BMW X3 emerges from the shadows

Can the revamped X3 finally compete with rival offerings from Audi and Land Rover? Geraldine Herbert puts it to the test

Geraldine Herbert

Geraldine Herbert

The X5 was a huge success for BMW so it came as no surprise when they unveiled a smaller version. But when the X3 hit our showrooms in 2004, it proved a huge disappointment.

Instead of a shrunken X5, what arrived was an awkward-looking car, awash with harsh plastic inside. Things improved in 2010 with the second generation and now further enhanced for 2015; so can the new X3 finally emerge from the shadow of its big brother, the X5?

Styling changes are not immediately apparent, and include restyled headlamps and a new more prominent kidney-grille. Other subtle retouches have been made to the front and rear bumpers while the LED indicators are now housed in the new exterior mirrors. Four new exterior colours and five new wheel designs broaden the scope for individualisation.

The cabin is classy and well finished throughout.

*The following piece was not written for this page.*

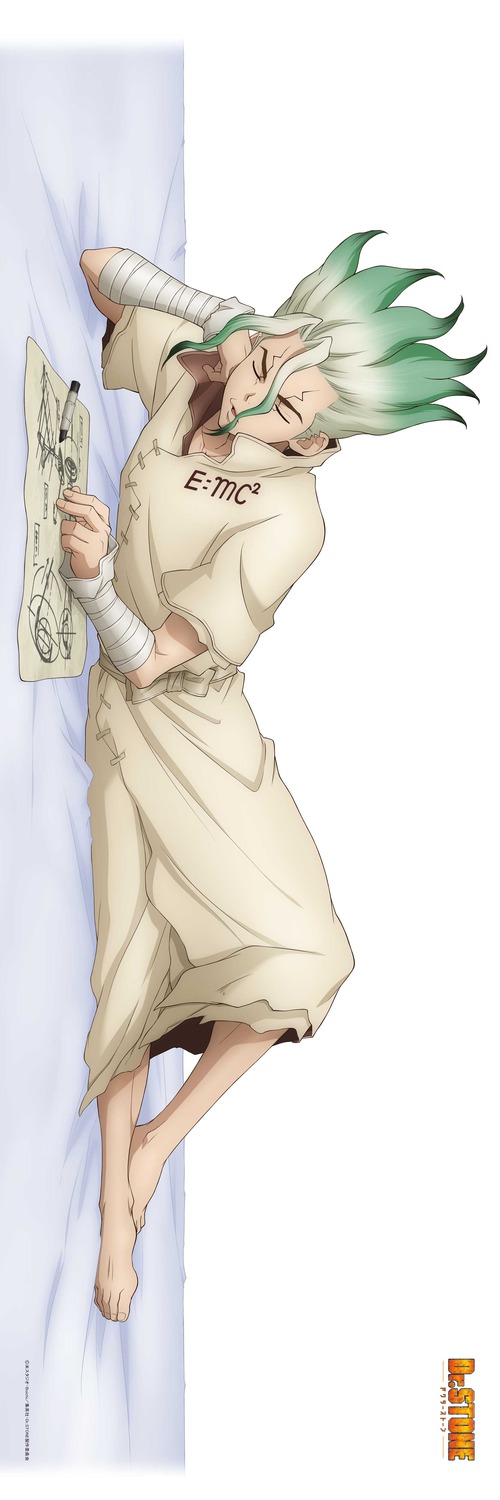 bandages, dakimakura, dr._stone, ishigami_senkuu, male, tagme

Space is good in the front, and rear passengers won't complain about legroom but while it is possible to accommodate three in the back, it is more suitable for two as the transmission tunnel seriously compromises legroom. All three seats fold down individually and the boot can swallow 550 litres, and 1,600 litres with the seats folded.

The X3 feels much more like a car than an off-roader and the high driving position makes for great visibility. It drives very well and feels much lighter and more agile than its size would suggest. Even through hard bends, it is beautifully controlled. Despite all this comfort, it is also reasonably competent off road, as a drive across some grassy terrain in the Curragh proved.

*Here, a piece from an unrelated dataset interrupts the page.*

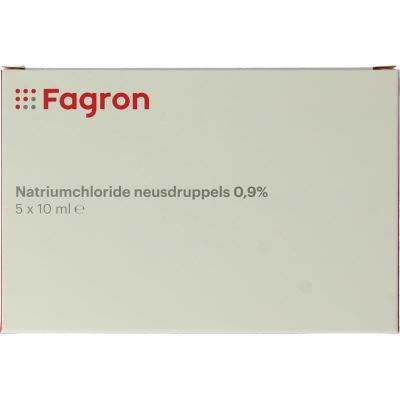 Natriumchloride neusdruppels 0.9% 10 ml 5 stuks - Vitamine enkel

Powering our test car was the new 2.0-litre four-cylinder diesel engine that is not only more refined but also more powerful and frugal. It produces 190bhp, 400Nm of torque and goes from standstill to 100km in just over eight seconds. According to BMW, it will return five litres per 100km or 56.5 mpg and CO2 emissions are 138g/km.

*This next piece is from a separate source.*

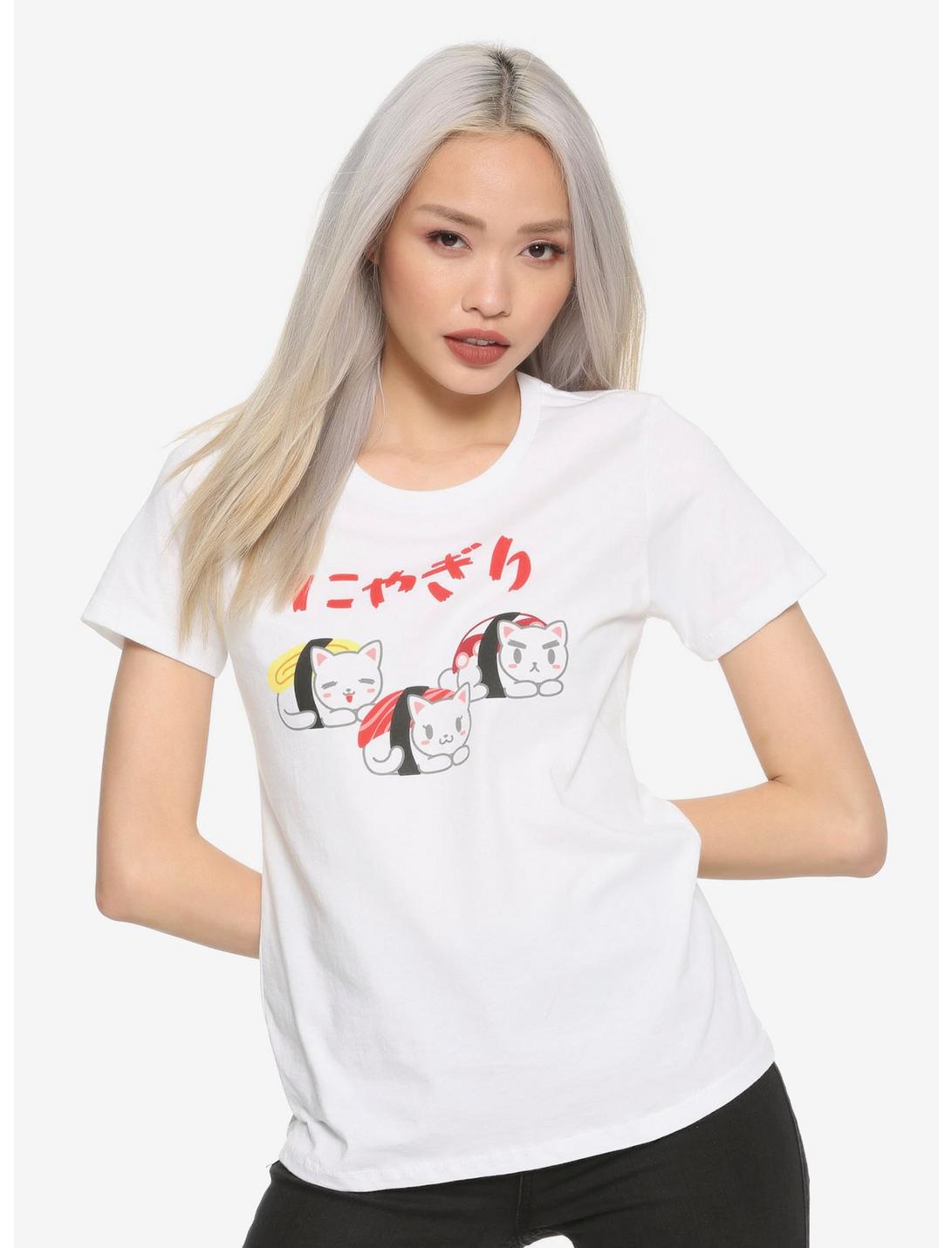 Sushi Cats Trio Girls T-Shirt, MULTI, hi-res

Options include a new entry-level sDrive 18d that promises 60.1mpg and CO2 emissions of just 124g/km, but it is rear-wheel drive only and the least powerful of the range. There is also a 3.0-litre to choose from, but if you want serious performance, the range-topping X3 xDrive35d, with over 300bhp and more than 600Nm of torque, is the one to choose.

The new BMW X3 is available in SE, xLine and M Sport trim levels. Standard equipment is good and includes Nevada leather upholstery, two-zone air conditioning, cruise control, DAB radio, Bluetooth and USB connectivity, 17-inch alloy wheels, front and rear PDC, drive performance control, rain sensor and automatic headlights.

Our test car was equipped with the top trim M Sport and a starting price of €55,910, which is fairly competitive when you look at rivals with similar power and top level specs. Volvo's XC60 starts at €54,545, a similar Audi Q5 starts just over €55,000 and a comparable Discovery Sport from Land Rover will cost more than €58,000. However, options on the X3 are expensive and our test car came with a media package and navigation system, adding €2,454, while other extras including a reversing camera, auto-dimming mirrors and extended storage, which pushed the price of our options to more than €8,000, giving a total price of €62,866.

While the X3 may not have the road presence of the X5 or the sportiness of the X6, it is a vast improvement on the previous version. For smart styling, a spacious interior and impressive road performance, the X3 is one to consider for the style-conscious family.